- Born: 2 February 1998 (age 28) Hollinwood, Greater Manchester, England
- Occupation: Actor
- Years active: 2015–present
- Television: Hollyoaks; I'm a Celebrity...Get Me Out of Here!; Celebs Go Dating; Celeb Ex in the City; Celebs on the Farm;
- Children: 2

= Malique Thompson-Dwyer =

English actor

Malique Thompson-Dwyer (born 2 February 1998) is an English actor, known for playing Prince McQueen in the Channel 4 soap opera Hollyoaks from 2016 to 2019 and 2021 onwards.

==Career==
Thompson-Dwyer's first on-screen acting role was as Tommo in the CBBC children's drama The Dumping Ground. In 2016, he joined the Channel 4 soap opera Hollyoaks as Prince McQueen, the son of Goldie McQueen (Chelsee Healey) and the twin brother of Hunter McQueen (Theo Graham). His first appearance was in the episode shown on 17 November 2016. For his work in Hollyoaks, Thompson-Dwyer won "Best Partnership" at the British Soap Awards 2018, alongside Theo Graham. In 2019, Thompson-Dwyer departed from the cast of Hollyoaks. It was confirmed in Summer 2021 that he will return with his return airing in September 2021.

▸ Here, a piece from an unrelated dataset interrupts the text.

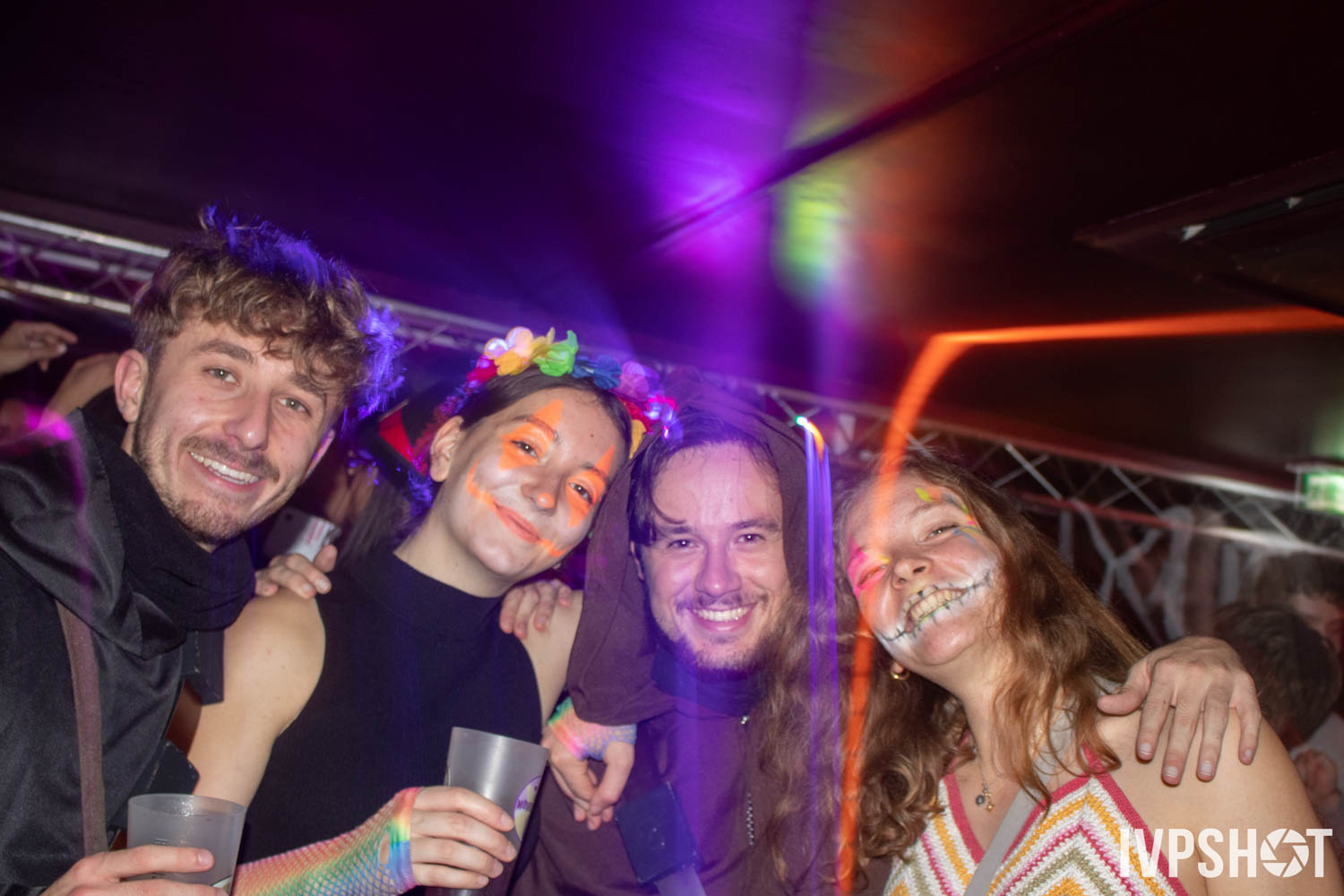 SLHalloween2025(217)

In 2017, Thompson-Dwyer appeared as young Wet Stick in the film King Arthur: Legend of the Sword. In November 2018, it was announced that he would compete in the eighteenth series of I'm a Celebrity...Get Me Out of Here!. Aged 20 at the time of participating, he is the youngest contestant to appear on the show, and was the second to be eliminated on 2 December 2018. In 2020, he appeared in the eighth series of Celebs Go Dating and in December in Celeb Ex in the City. The following year, he competed on the MTV series Celebs on the Farm.

==Personal life==
Thompson-Dwyer has two daughters born in 2017 and 2022.